What to Do When There’s No Money for a Funeral?
What’s worse than dying? Maybe dying broke

By Geoff Williams – U.S. News
If you’ve been struggling with money your entire life, and you’re advanced in years or gravely ill, death must seem like a cosmic prank. Who wants to consider that after a lifetime of scrounging, you (or your loved ones) can’t afford to pay your final bill?
It’s a serious problem that seems to have grown worse over the years and one that spiked during the recession. There is no organization that tracks unclaimed bodies, but coroners throughout the country, in local news stories, have reported that the numbers are climbing. In 2011, Oregon cremated 30 percent more unclaimed corpses than the year before. In 2012, in Myrtle Beach, S.C., the coroner asked the county to create a special cemetery for unclaimed bodies due to a lack of dignified space to put the remains.
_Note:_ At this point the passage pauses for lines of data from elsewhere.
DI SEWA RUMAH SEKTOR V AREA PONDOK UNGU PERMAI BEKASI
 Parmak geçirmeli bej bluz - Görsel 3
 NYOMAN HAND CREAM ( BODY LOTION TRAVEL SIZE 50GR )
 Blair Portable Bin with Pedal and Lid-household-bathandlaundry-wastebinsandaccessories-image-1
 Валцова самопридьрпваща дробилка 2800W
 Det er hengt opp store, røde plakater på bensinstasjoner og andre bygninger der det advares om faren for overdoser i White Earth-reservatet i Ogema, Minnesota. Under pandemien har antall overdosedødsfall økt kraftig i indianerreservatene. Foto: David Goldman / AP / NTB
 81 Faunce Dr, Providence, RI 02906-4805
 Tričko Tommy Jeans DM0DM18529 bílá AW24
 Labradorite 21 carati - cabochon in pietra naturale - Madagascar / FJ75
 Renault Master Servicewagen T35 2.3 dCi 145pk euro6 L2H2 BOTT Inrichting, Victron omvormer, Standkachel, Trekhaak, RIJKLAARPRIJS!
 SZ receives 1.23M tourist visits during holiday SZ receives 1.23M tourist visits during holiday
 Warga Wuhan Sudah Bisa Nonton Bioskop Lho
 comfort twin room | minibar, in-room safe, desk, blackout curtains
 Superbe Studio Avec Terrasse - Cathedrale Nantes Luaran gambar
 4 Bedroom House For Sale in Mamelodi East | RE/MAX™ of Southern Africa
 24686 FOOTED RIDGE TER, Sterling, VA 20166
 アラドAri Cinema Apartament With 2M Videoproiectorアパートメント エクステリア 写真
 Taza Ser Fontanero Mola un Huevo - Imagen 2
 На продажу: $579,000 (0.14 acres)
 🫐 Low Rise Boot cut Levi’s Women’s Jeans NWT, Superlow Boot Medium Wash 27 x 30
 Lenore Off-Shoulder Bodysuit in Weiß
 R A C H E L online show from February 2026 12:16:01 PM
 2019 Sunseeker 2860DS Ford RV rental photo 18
So what does one do if there is no money for a funeral? After all, death, like taxes, is a sure thing, and if you have a great aunt drawing her last breath, you can’t very well ask her to hang around for a few months while you raise funds for a proper send-off. According to the National Funeral Directors Association, in 2012, the average cost for an adult funeral was $7,775, which doesn’t include cemetery costs.
If you lack the funding for a funeral, here’s what some experts say your options are.
If there’s time, prepay the funeral expenses. This isn’t an option if death occurs unexpectedly, but if you know the inevitable is coming, prepaying can help you find more time to gather the money, and get the financial stress out of the way now.
After all, “planning a funeral is not something you want to do at the spur of the moment, in your height of grief,” says Lacy Robinson, senior professional development trainer at Aurora Casket Company, based out of Aurora, Ind., and one of the nation’s largest casket manufacturers.
Consumers can usually pay in installments or all at once, but they ideally want to time it a year or two before a death rather than, say, 10 years. Despite the many honest and ethical funeral homes, there are cases where people have been billed for expenses after the funeral. Costs also rise, and not all prepayment plans keep prices locked in. Funeral homes can be bought by a company that won’t honor prepaid commitments.
Also, prepaying can be advantageous for low-income individuals facing late-life health issues by reducing their assets and allowing them to become eligible for Medicare.
When her mother’s health problems landed her in a nursing home last summer, Sandra Beckwith, 58, a freelance writer and author in Fairport, N.Y., prepaid the funeral with her mother’s income. “If I hadn’t done that, I would have had to pass the hat among siblings when the time came to pay,” Beckwith says, “and we didn’t want to do that if we didn’t have to.”
Beckwith, whose 84-year-old mother is still fortunately among the living, prepaid $8,000 to the funeral home, most of which came from her mother’s meager assets, as well as $1,500 that Medicaid kicked in. Medicaid will allow as much as $1,500 (approximately; amount varies state to state) to be counted toward a funeral instead of as assets.
For a funeral, $1,500 “is not nearly enough,” says Beckwith. But it’s better than what Social Security offers. A surviving spouse or child who is eligible for benefits receives $255 to go toward burial costs.
Have a budget, no-frills funeral. Many of your costs can drop with a little forethought. That can be hard if you’re in the throes of grief, but you should try to remember:
Cremation is considerably cheaper than an open funeral. The average cost, according to the Cremation Association of North America, is $1,650, which includes a memorial service. Without the memorial service, an average cremation is $725.
If you’re cremating, the service could be held in a place other than a funeral home to bring costs down, says Barbara Newman Mannix, president of A Dignified Life, which specializes in planning end-of-the-life issues, like estate planning and enrolling in a nursing home, for people in New York City and surrounding areas. “You could have the service at a park, a church, or another no- or low-cost venue, so you don’t have to pay for a service or funeral venue,” says Mannix.